WORK ORDER: Set down exactly the lines from the first line of the records through the line that contains "рыбалка на реке", and leave every picture out.

STORED DATA:
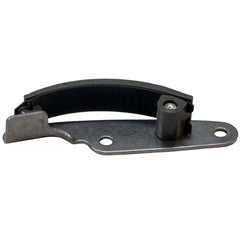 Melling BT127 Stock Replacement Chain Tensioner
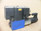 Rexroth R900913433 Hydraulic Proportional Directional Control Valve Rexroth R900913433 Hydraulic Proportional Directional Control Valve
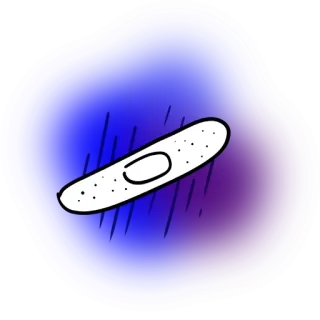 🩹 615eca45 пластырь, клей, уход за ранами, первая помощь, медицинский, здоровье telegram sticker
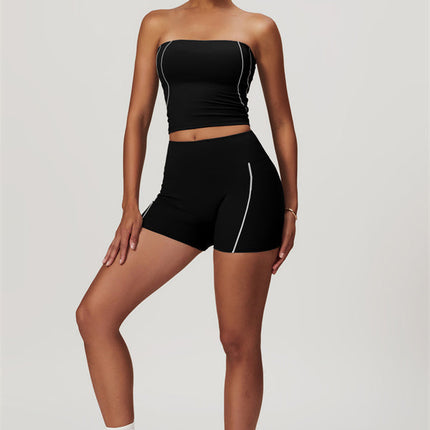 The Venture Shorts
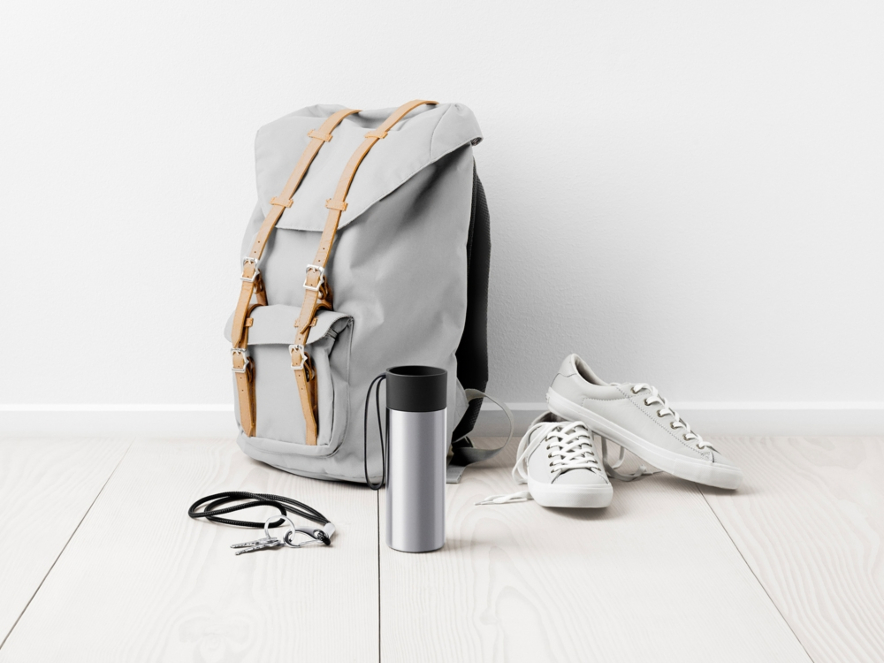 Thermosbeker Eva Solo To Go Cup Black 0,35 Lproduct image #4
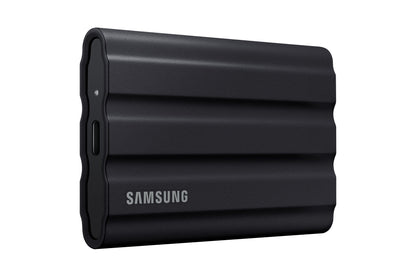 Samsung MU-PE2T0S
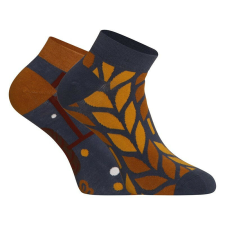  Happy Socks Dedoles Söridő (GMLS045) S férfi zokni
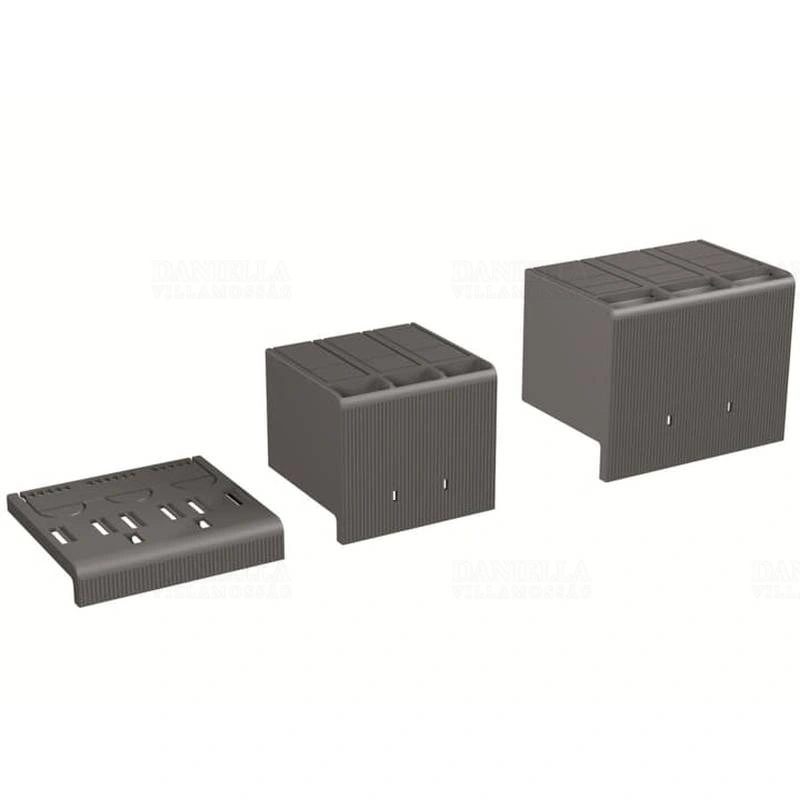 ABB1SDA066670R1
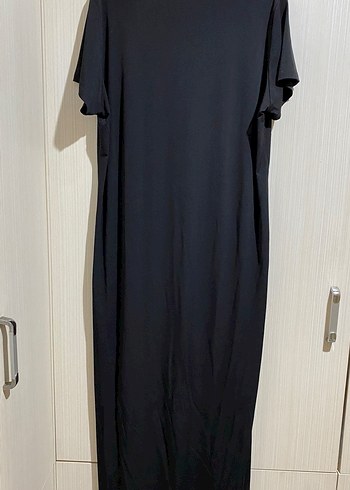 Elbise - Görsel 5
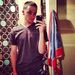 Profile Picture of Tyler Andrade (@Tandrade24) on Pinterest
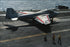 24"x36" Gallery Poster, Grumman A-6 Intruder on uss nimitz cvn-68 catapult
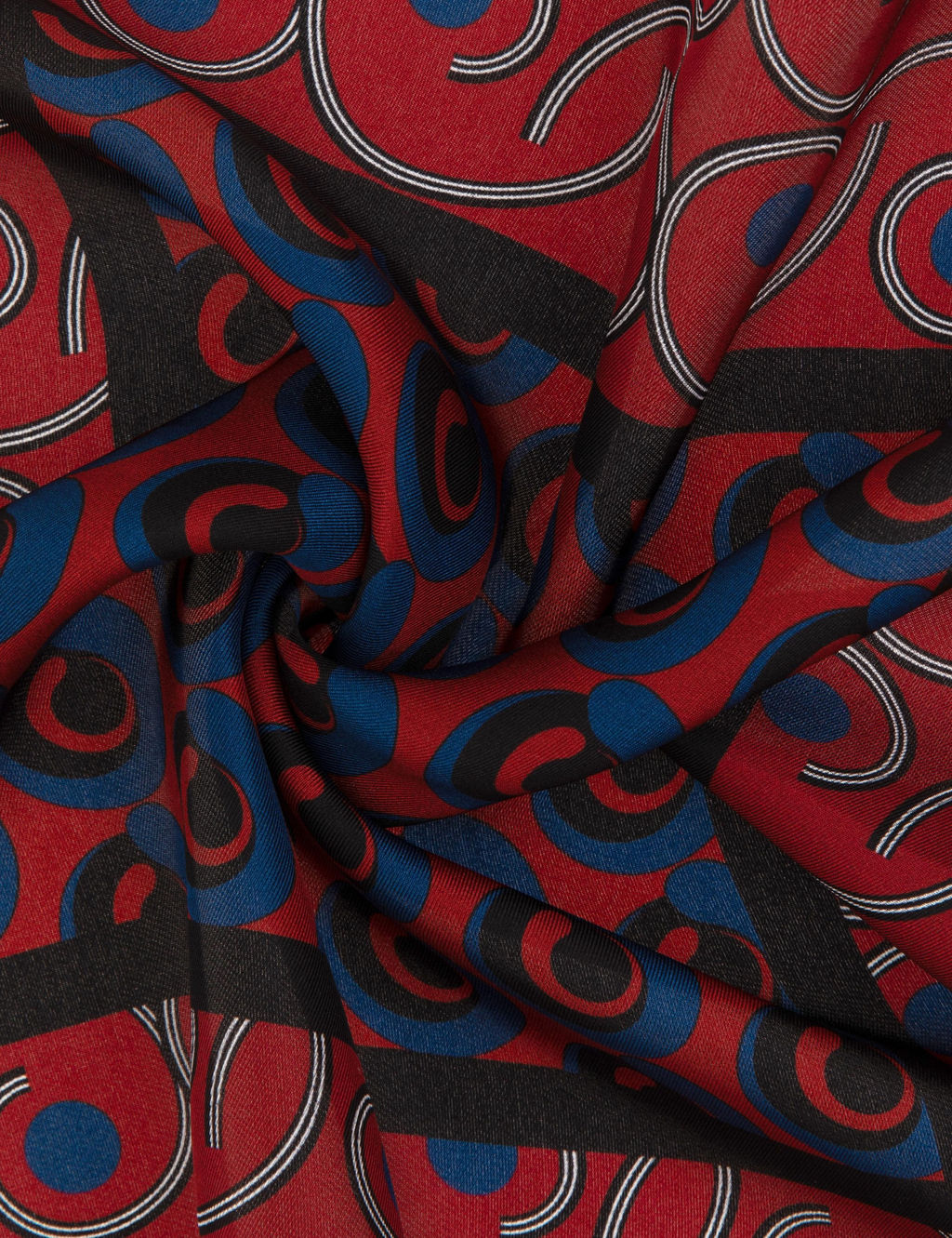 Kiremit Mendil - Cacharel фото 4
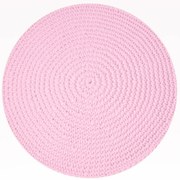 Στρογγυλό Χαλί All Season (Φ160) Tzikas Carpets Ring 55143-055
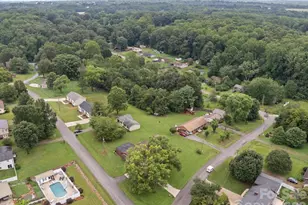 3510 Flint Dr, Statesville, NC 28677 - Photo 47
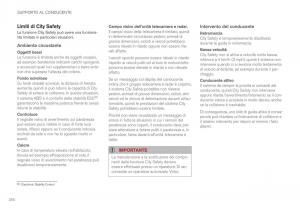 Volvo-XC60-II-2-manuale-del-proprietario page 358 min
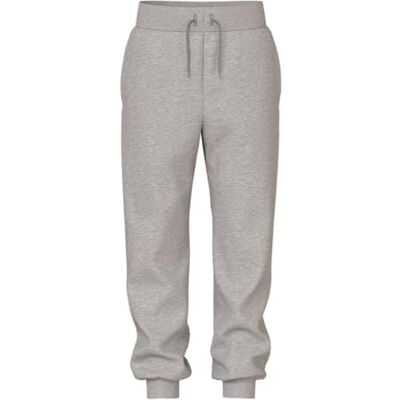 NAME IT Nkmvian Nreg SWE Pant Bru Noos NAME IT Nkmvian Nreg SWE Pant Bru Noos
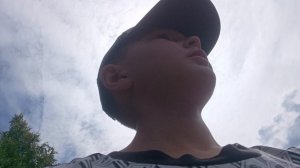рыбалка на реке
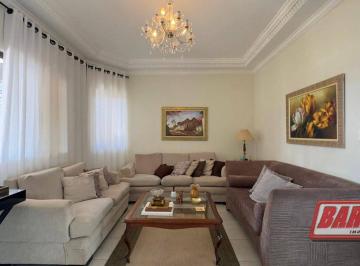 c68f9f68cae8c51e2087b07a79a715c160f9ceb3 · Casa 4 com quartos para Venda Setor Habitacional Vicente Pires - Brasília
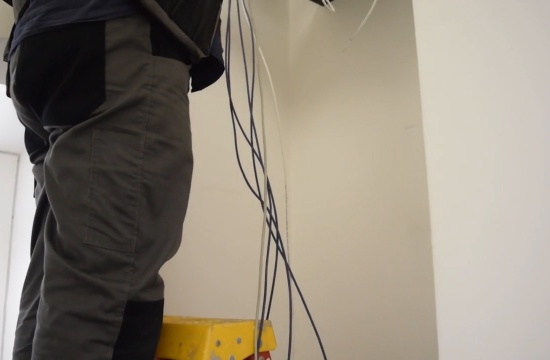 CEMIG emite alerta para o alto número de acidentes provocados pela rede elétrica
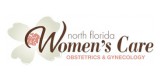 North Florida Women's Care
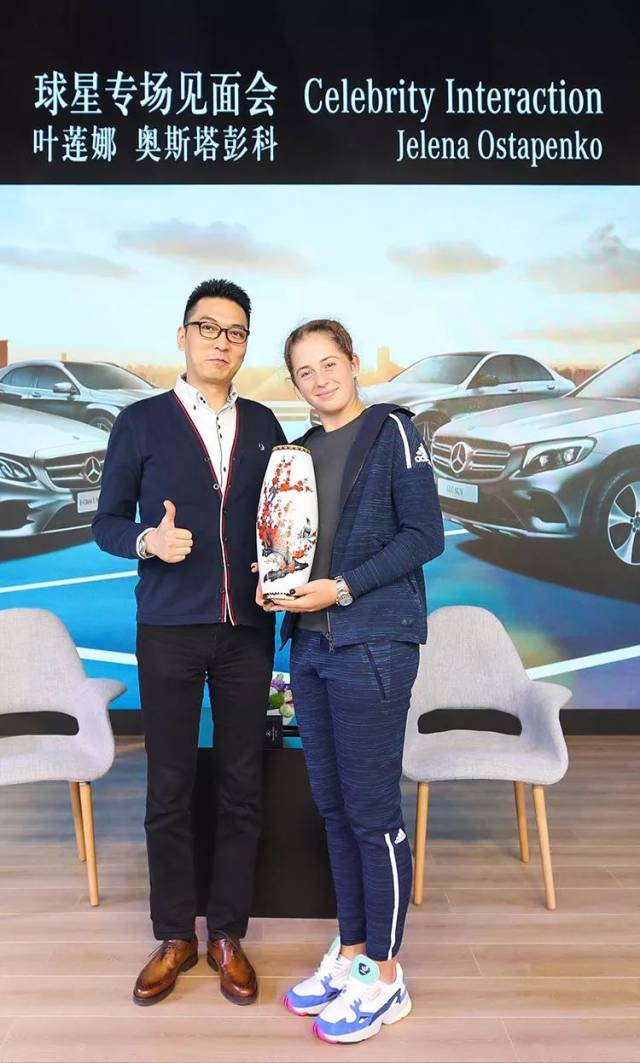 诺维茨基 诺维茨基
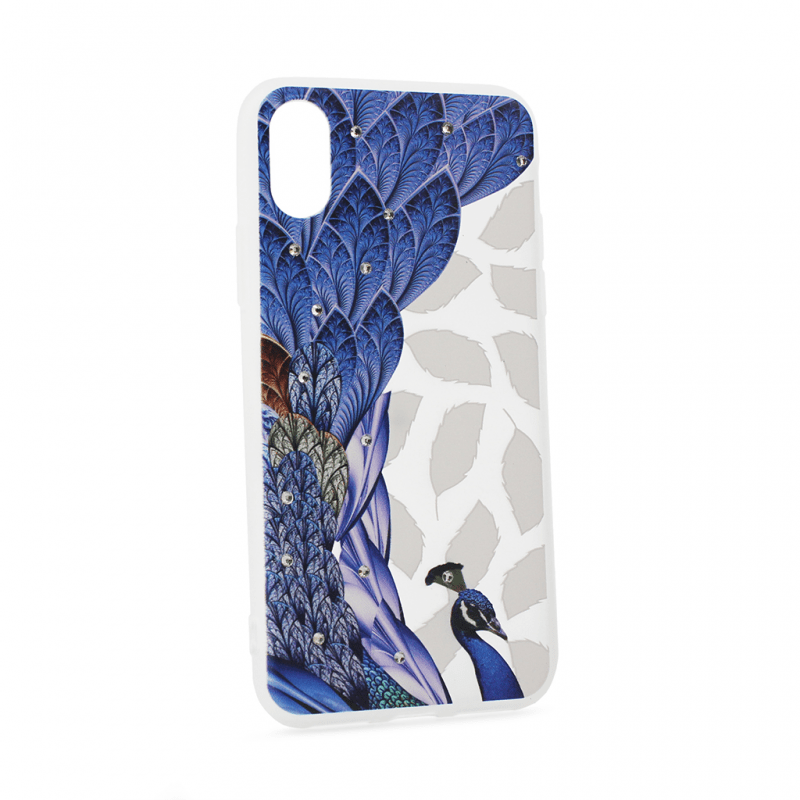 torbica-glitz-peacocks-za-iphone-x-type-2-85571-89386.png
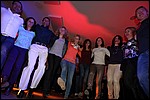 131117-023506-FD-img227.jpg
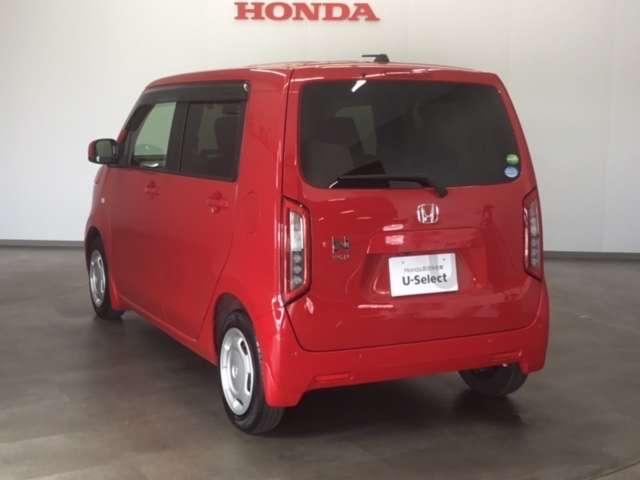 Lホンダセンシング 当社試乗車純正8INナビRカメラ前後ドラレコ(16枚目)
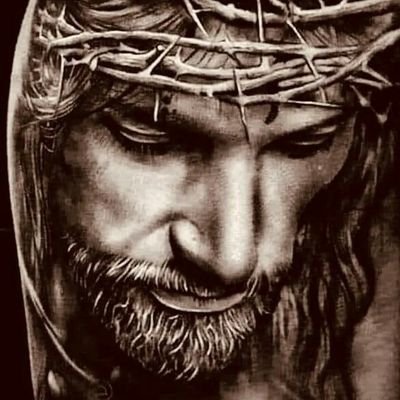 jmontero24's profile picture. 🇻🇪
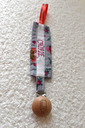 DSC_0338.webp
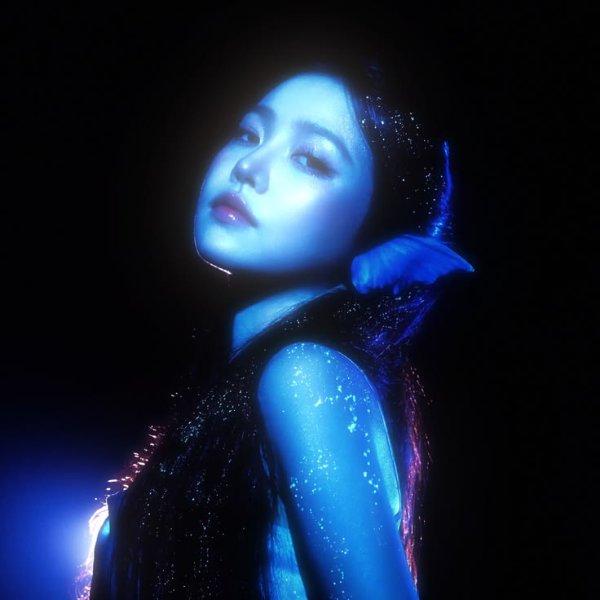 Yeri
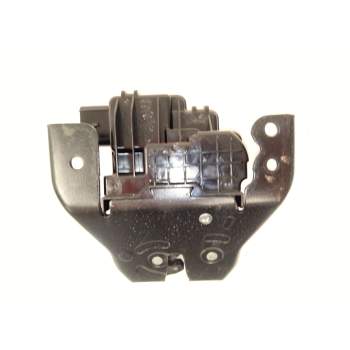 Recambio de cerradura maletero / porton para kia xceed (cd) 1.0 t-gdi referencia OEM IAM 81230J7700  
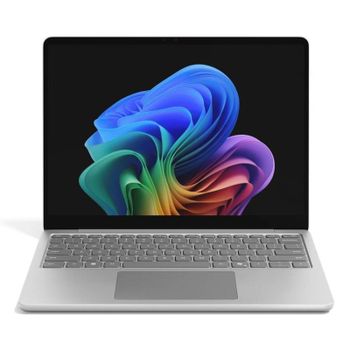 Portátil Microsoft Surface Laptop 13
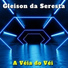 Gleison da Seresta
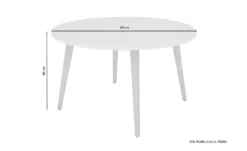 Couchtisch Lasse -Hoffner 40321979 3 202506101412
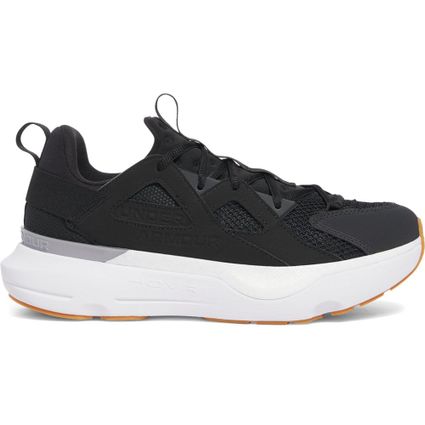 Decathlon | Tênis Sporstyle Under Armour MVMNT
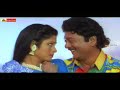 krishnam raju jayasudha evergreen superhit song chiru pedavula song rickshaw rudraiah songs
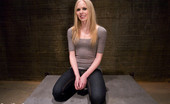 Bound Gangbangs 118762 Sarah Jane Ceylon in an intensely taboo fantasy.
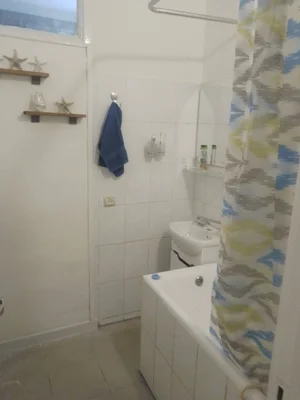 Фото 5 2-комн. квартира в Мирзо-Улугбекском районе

EXERCISE RESPONSE:
 Melling BT127 Stock Replacement Chain Tensioner
 Rexroth R900913433 Hydraulic Proportional Directional Control Valve Rexroth R900913433 Hydraulic Proportional Directional Control Valve
 🩹 615eca45 пластырь, клей, уход за ранами, первая помощь, медицинский, здоровье telegram sticker
 The Venture Shorts
 Thermosbeker Eva Solo To Go Cup Black 0,35 Lproduct image #4
 Samsung MU-PE2T0S
  Happy Socks Dedoles Söridő (GMLS045) S férfi zokni
 ABB1SDA066670R1
 Elbise - Görsel 5
 Profile Picture of Tyler Andrade (@Tandrade24) on Pinterest
 24"x36" Gallery Poster, Grumman A-6 Intruder on uss nimitz cvn-68 catapult
 Kiremit Mendil - Cacharel фото 4
 Στρογγυλό Χαλί All Season (Φ160) Tzikas Carpets Ring 55143-055
 3510 Flint Dr, Statesville, NC 28677 - Photo 47
 Volvo-XC60-II-2-manuale-del-proprietario page 358 min
 NAME IT Nkmvian Nreg SWE Pant Bru Noos NAME IT Nkmvian Nreg SWE Pant Bru Noos
рыбалка на реке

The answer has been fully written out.